Saved data entries:
_____
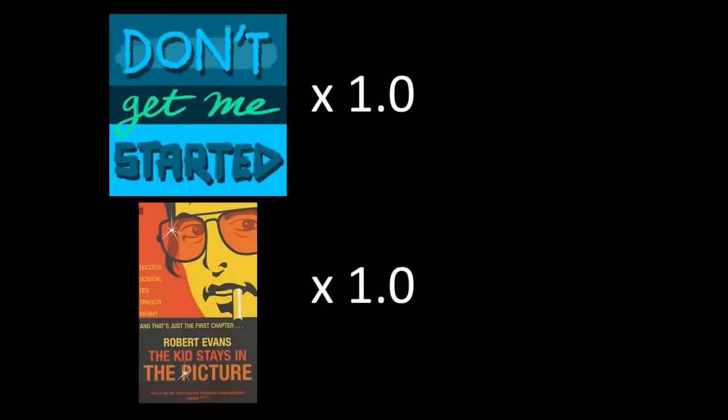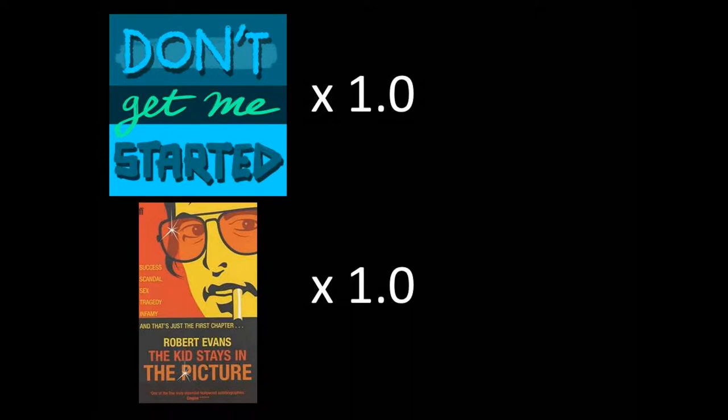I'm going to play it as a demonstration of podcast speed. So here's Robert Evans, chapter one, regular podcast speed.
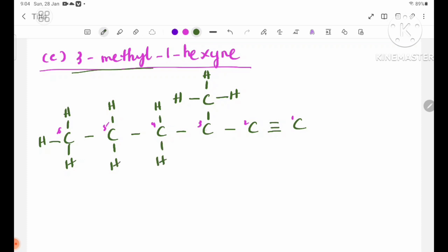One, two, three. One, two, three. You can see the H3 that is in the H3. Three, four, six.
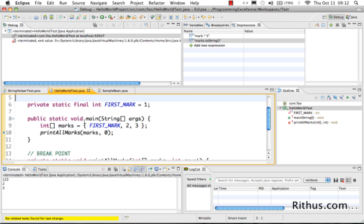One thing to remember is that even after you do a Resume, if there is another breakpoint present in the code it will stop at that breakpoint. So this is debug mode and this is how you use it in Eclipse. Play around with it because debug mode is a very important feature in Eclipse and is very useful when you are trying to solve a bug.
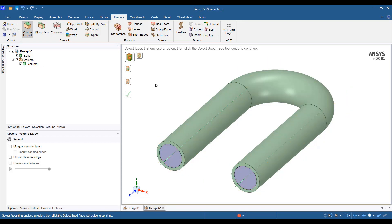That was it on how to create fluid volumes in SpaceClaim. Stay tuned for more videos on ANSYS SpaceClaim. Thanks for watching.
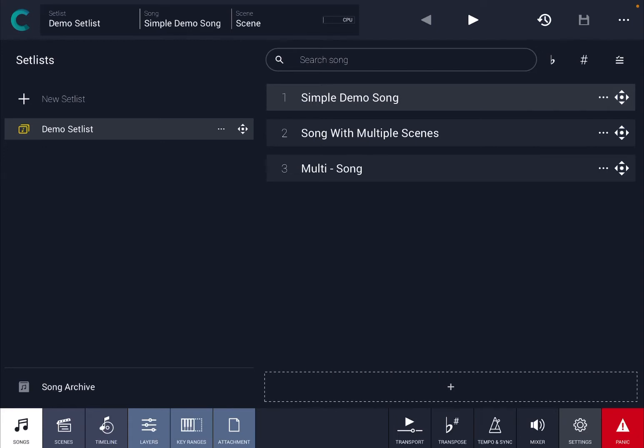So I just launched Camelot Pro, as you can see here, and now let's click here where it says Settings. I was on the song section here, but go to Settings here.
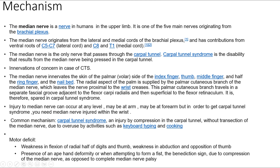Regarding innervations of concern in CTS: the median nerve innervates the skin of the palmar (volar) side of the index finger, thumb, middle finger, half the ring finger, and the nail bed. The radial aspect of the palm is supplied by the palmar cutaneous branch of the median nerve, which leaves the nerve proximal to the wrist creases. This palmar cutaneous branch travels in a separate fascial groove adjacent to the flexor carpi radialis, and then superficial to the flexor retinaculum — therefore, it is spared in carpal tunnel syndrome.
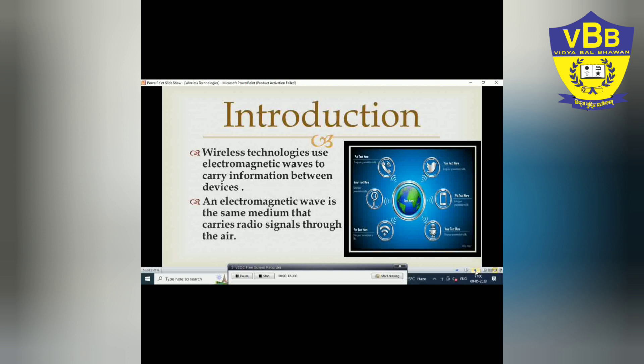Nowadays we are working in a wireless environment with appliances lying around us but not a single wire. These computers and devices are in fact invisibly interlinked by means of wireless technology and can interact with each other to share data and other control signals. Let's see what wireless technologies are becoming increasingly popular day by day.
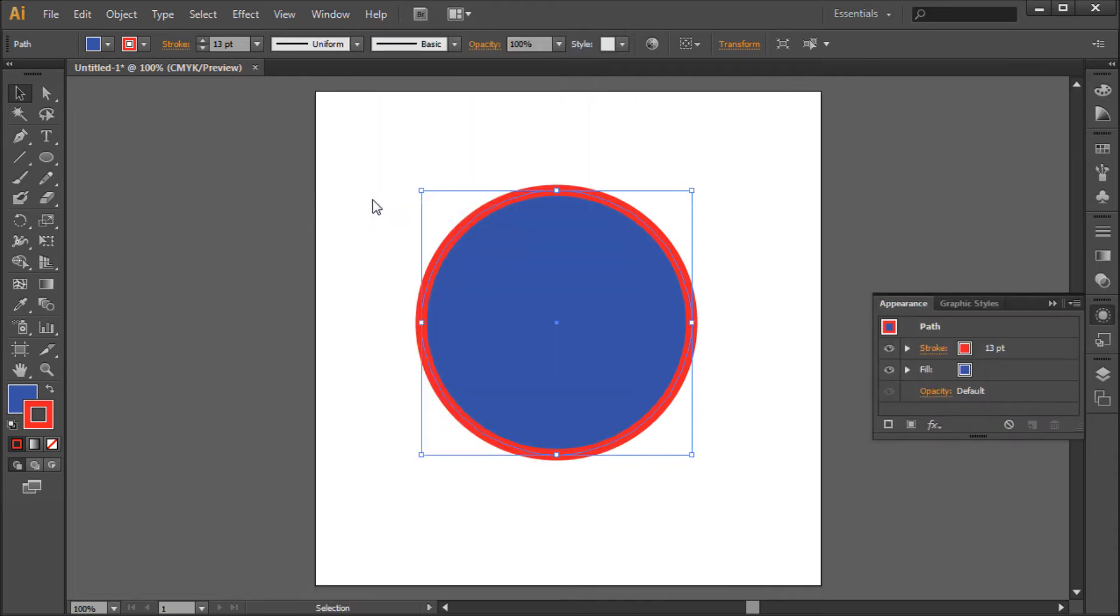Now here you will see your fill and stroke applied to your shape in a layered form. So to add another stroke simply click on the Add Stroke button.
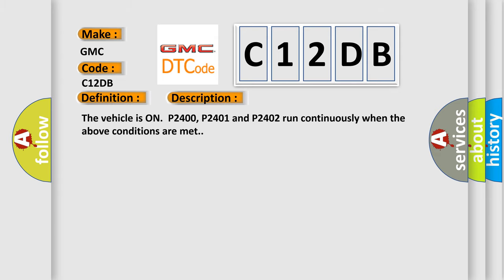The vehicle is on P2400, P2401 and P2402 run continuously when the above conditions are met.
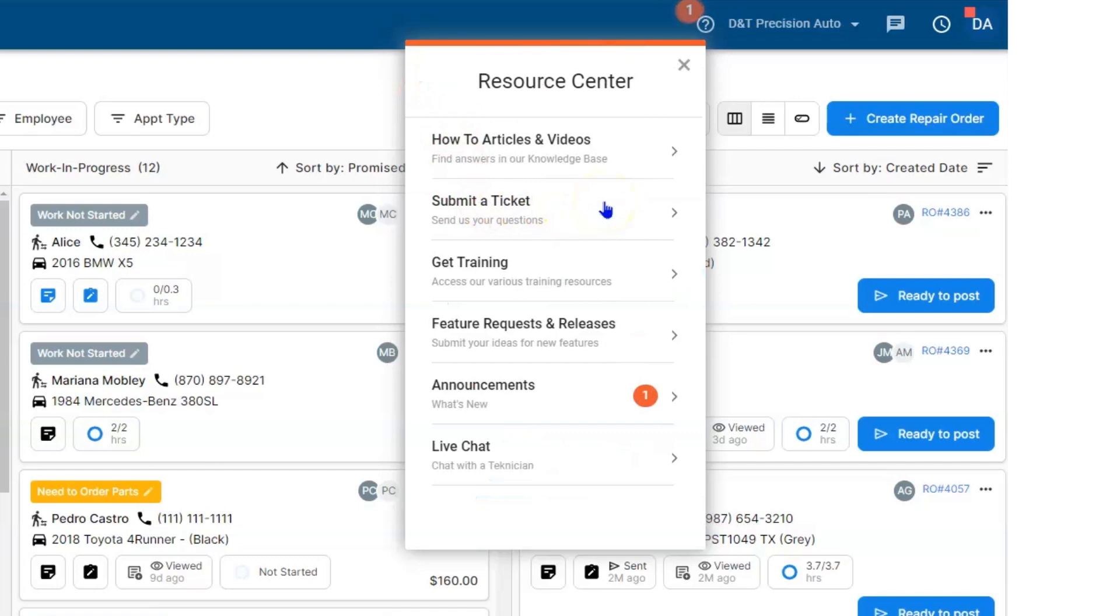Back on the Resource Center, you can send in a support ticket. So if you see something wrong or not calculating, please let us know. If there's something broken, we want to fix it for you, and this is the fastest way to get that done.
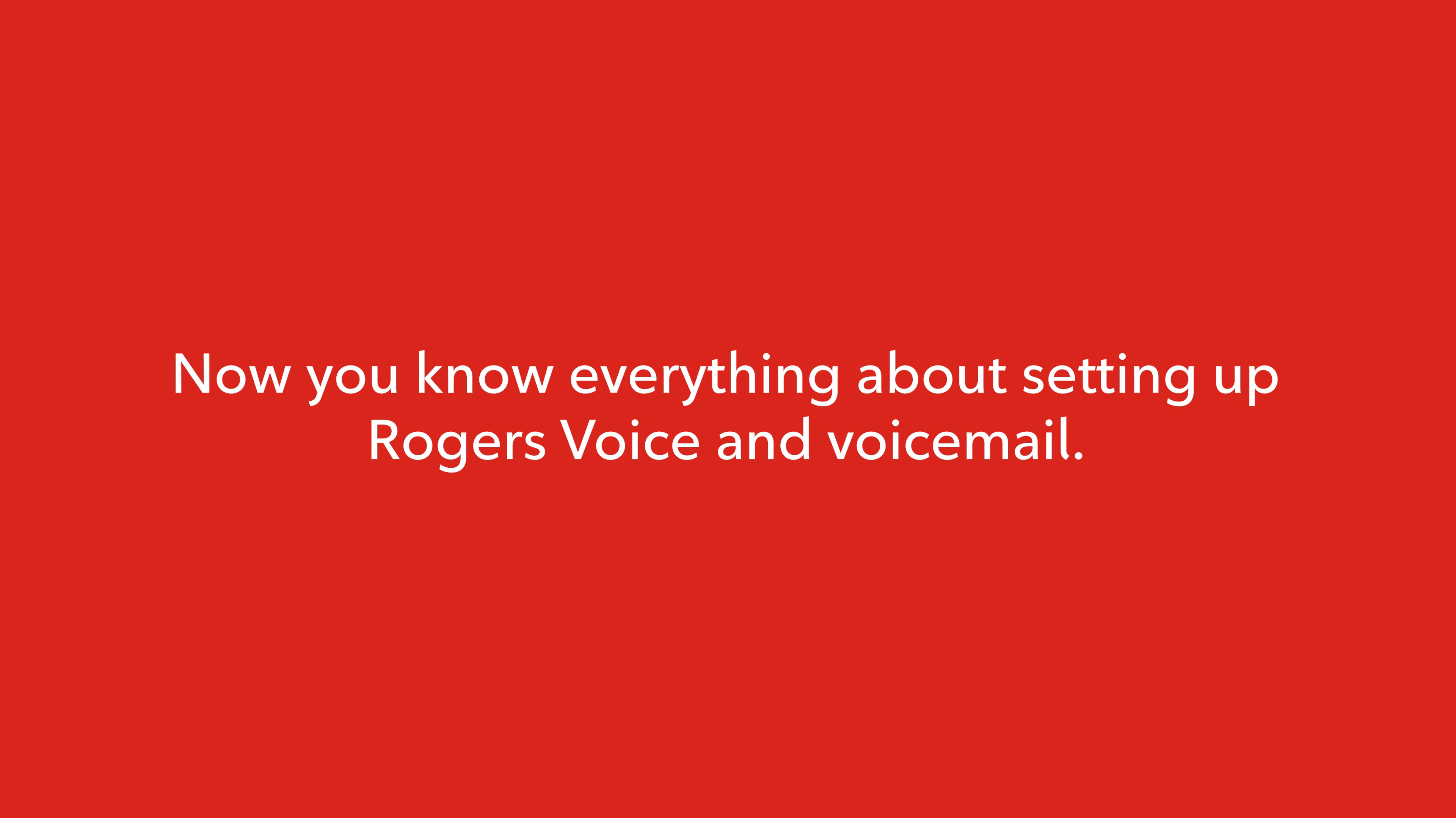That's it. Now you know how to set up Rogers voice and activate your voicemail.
_____
## YOUR GOAL
Leave the pictures out and print every record exactly.

## YOUR SOLUTION
I'm going to play it as a demonstration of podcast speed. So here's Robert Evans, chapter one, regular podcast speed.
One, two, three. One, two, three. You can see the H3 that is in the H3. Three, four, six.
One thing to remember is that even after you do a Resume, if there is another breakpoint present in the code it will stop at that breakpoint. So this is debug mode and this is how you use it in Eclipse. Play around with it because debug mode is a very important feature in Eclipse and is very useful when you are trying to solve a bug.
That was it on how to create fluid volumes in SpaceClaim. Stay tuned for more videos on ANSYS SpaceClaim. Thanks for watching.
So I just launched Camelot Pro, as you can see here, and now let's click here where it says Settings. I was on the song section here, but go to Settings here.
Regarding innervations of concern in CTS: the median nerve innervates the skin of the palmar (volar) side of the index finger, thumb, middle finger, half the ring finger, and the nail bed. The radial aspect of the palm is supplied by the palmar cutaneous branch of the median nerve, which leaves the nerve proximal to the wrist creases. This palmar cutaneous branch travels in a separate fascial groove adjacent to the flexor carpi radialis, and then superficial to the flexor retinaculum — therefore, it is spared in carpal tunnel syndrome.
Nowadays we are working in a wireless environment with appliances lying around us but not a single wire. These computers and devices are in fact invisibly interlinked by means of wireless technology and can interact with each other to share data and other control signals. Let's see what wireless technologies are becoming increasingly popular day by day.
Now here you will see your fill and stroke applied to your shape in a layered form. So to add another stroke simply click on the Add Stroke button.
The vehicle is on P2400, P2401 and P2402 run continuously when the above conditions are met.
Back on the Resource Center, you can send in a support ticket. So if you see something wrong or not calculating, please let us know. If there's something broken, we want to fix it for you, and this is the fastest way to get that done.
That's it. Now you know how to set up Rogers voice and activate your voicemail.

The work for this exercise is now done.